Extracted data entries:
[Start of section]

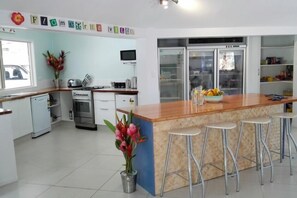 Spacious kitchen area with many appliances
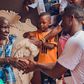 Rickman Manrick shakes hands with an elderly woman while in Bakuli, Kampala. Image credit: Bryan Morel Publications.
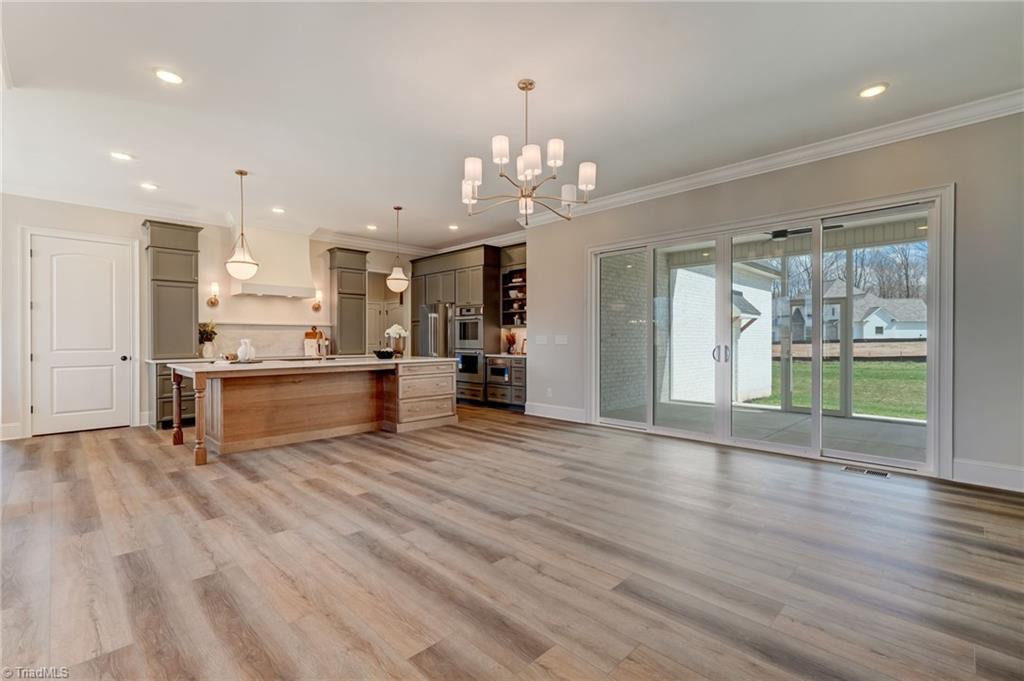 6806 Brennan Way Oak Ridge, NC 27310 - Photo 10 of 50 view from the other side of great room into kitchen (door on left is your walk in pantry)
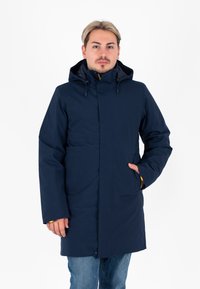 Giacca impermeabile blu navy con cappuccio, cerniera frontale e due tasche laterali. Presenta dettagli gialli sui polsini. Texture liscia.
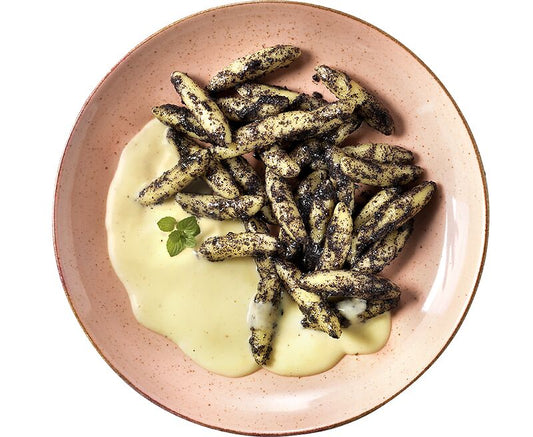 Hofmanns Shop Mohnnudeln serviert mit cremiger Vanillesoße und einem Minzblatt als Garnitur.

[End of section]

Repeat the data word for word. Images are not part of the copy.

**Result of this exercise:**
 Spacious kitchen area with many appliances
 Rickman Manrick shakes hands with an elderly woman while in Bakuli, Kampala. Image credit: Bryan Morel Publications.
 6806 Brennan Way Oak Ridge, NC 27310 - Photo 10 of 50 view from the other side of great room into kitchen (door on left is your walk in pantry)
 Giacca impermeabile blu navy con cappuccio, cerniera frontale e due tasche laterali. Presenta dettagli gialli sui polsini. Texture liscia.
 Hofmanns Shop Mohnnudeln serviert mit cremiger Vanillesoße und einem Minzblatt als Garnitur.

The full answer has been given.